== Exercise instructions ==
Copy word for word the lines of the records below, beginning at the one with "Rooster Retreat 公寓 *" and finishing at the one with "Neerus Maroon cotton", ends included, but none of the pictures.

== Input data ==
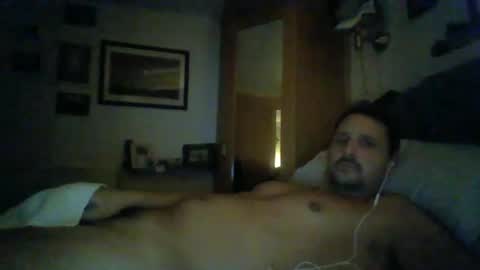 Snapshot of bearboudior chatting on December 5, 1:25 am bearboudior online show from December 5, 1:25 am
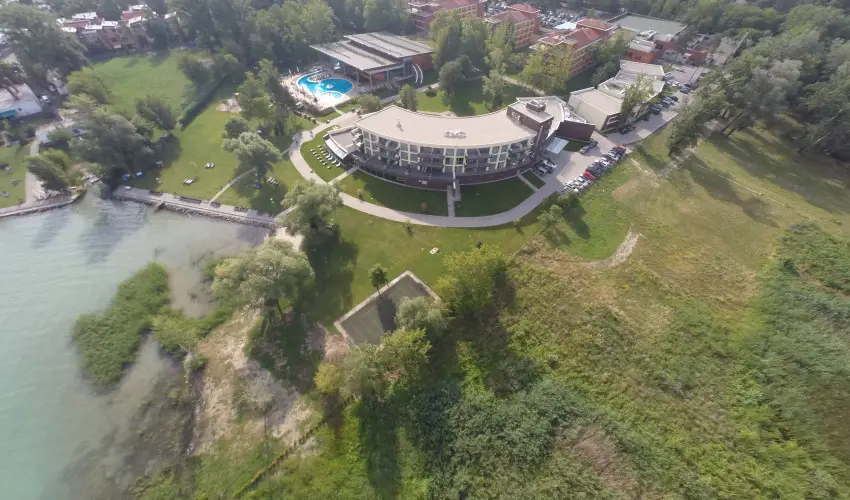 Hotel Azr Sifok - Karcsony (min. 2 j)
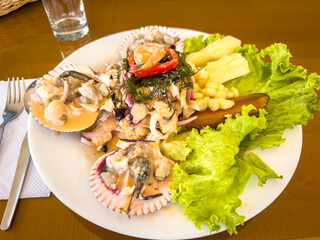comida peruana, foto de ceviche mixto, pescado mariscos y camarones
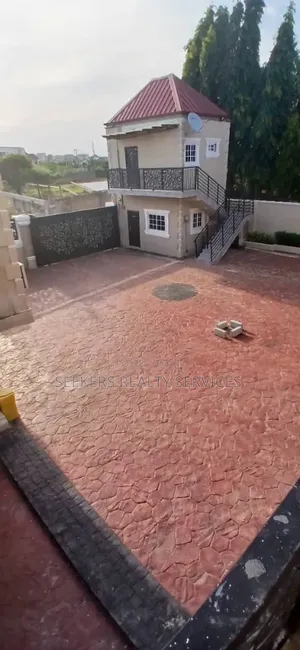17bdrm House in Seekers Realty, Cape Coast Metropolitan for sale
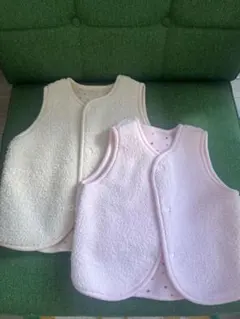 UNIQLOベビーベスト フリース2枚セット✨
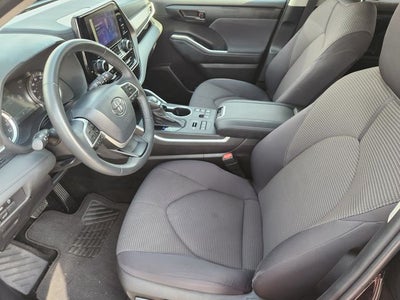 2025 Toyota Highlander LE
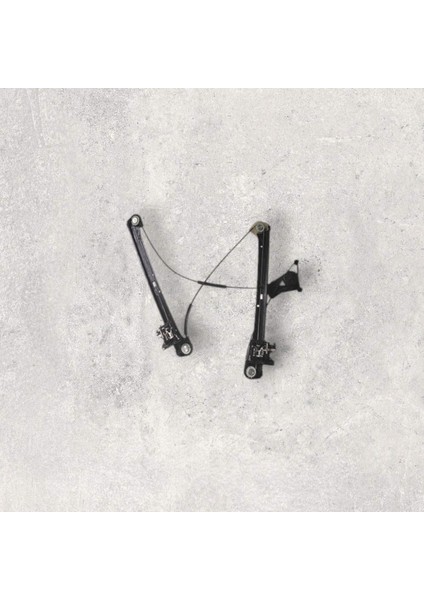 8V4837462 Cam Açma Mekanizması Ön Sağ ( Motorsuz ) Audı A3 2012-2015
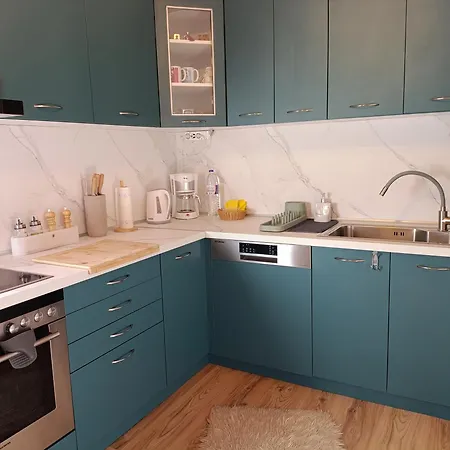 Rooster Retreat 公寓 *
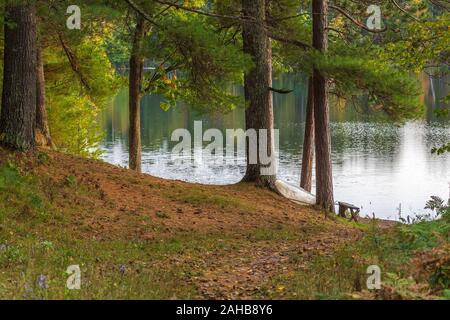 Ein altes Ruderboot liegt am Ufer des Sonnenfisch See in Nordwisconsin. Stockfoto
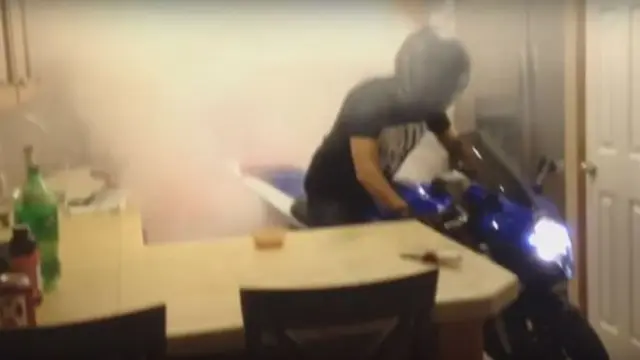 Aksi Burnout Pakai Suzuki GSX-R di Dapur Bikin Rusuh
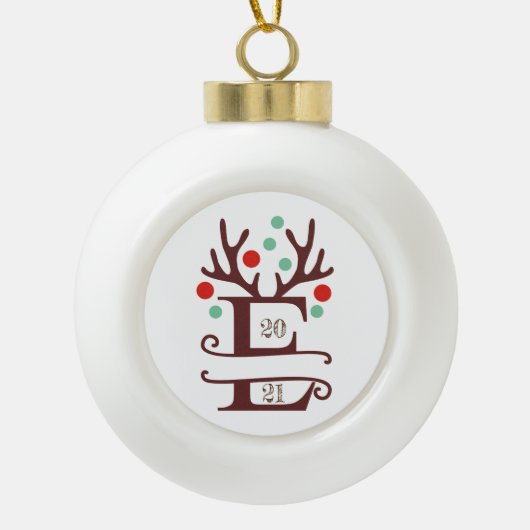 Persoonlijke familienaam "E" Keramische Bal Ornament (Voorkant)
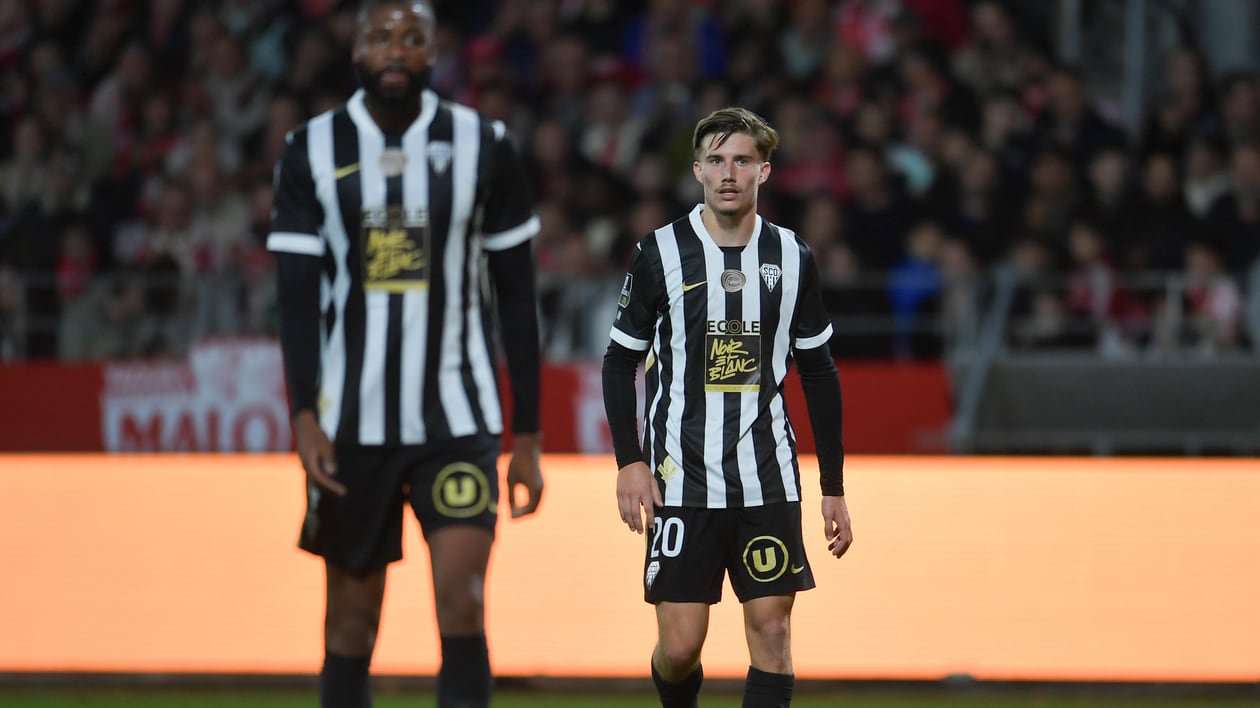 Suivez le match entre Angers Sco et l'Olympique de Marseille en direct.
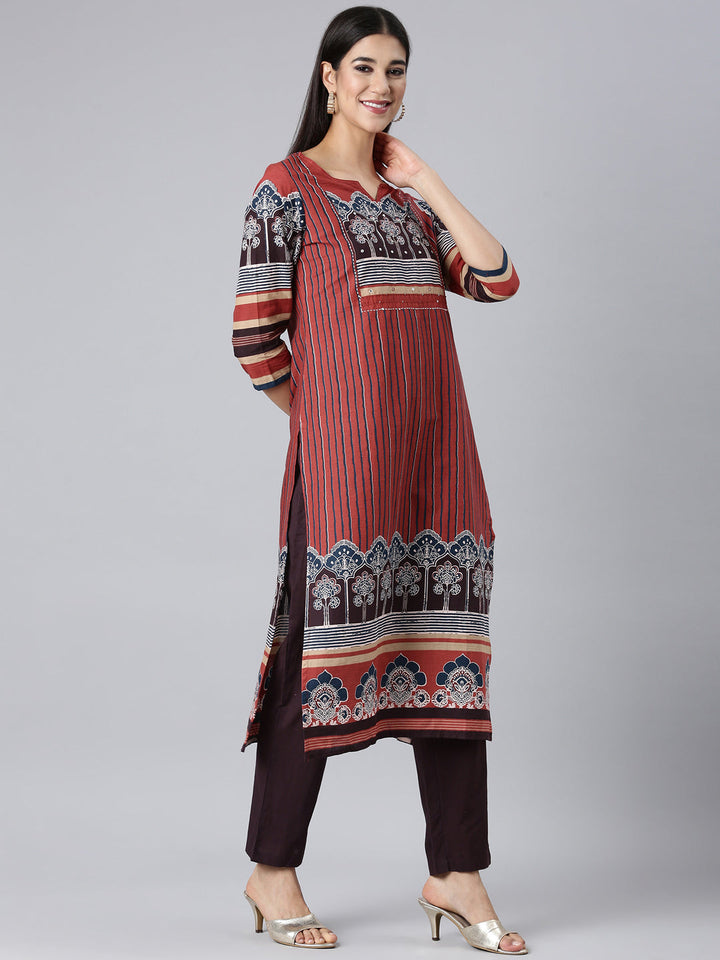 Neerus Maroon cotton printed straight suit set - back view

---

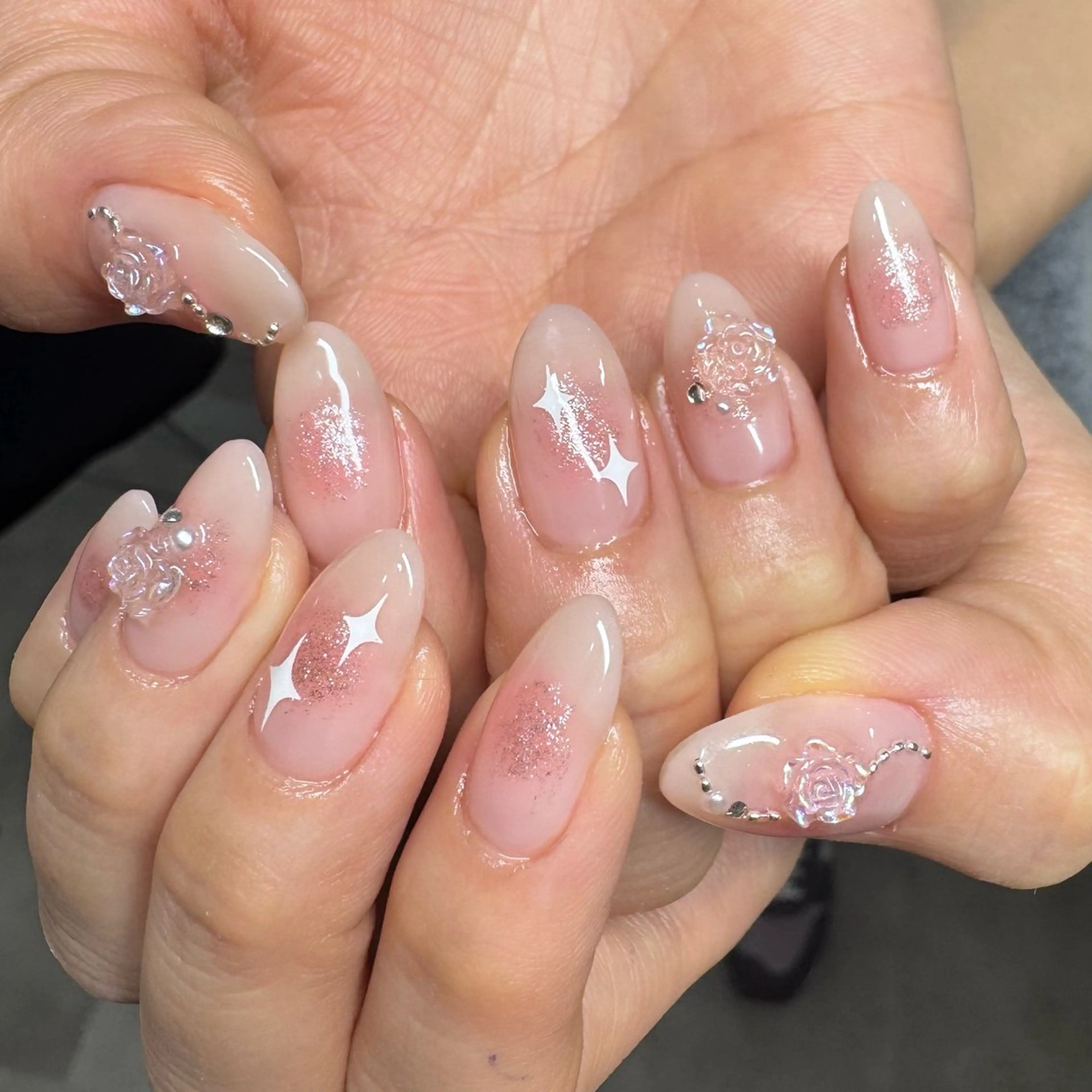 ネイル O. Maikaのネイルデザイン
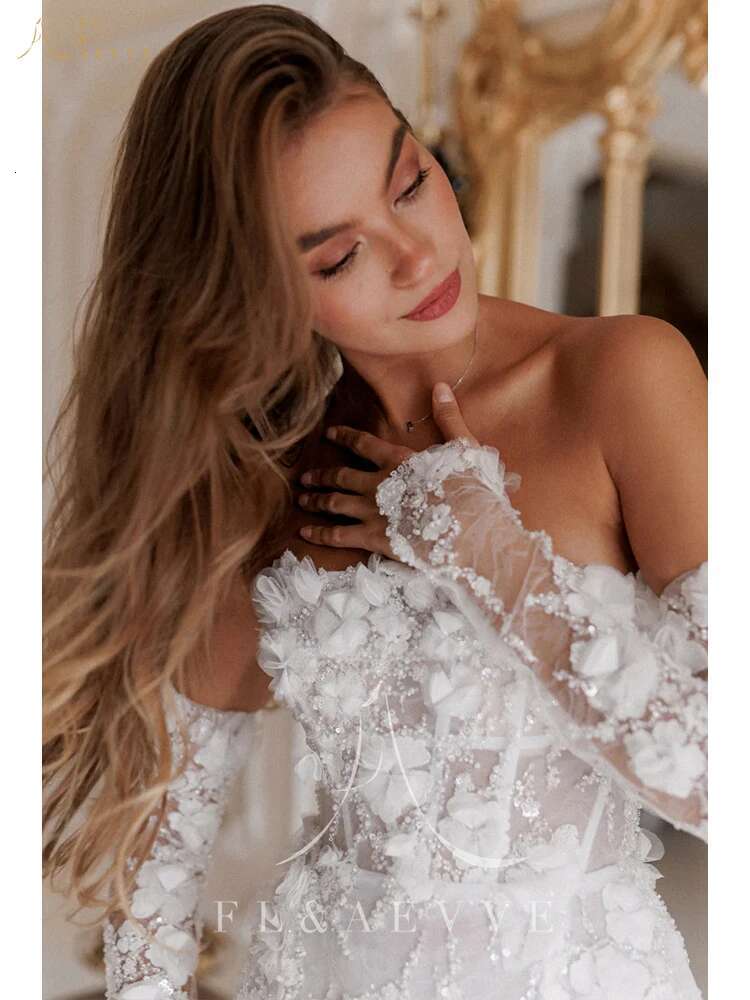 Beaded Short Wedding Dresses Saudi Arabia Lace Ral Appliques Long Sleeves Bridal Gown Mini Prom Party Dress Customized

== Exercise solution ==
 Rooster Retreat 公寓 *
 Ein altes Ruderboot liegt am Ufer des Sonnenfisch See in Nordwisconsin. Stockfoto
 Aksi Burnout Pakai Suzuki GSX-R di Dapur Bikin Rusuh
 Persoonlijke familienaam "E" Keramische Bal Ornament (Voorkant)
 Suivez le match entre Angers Sco et l'Olympique de Marseille en direct.
 Neerus Maroon cotton printed straight suit set - back view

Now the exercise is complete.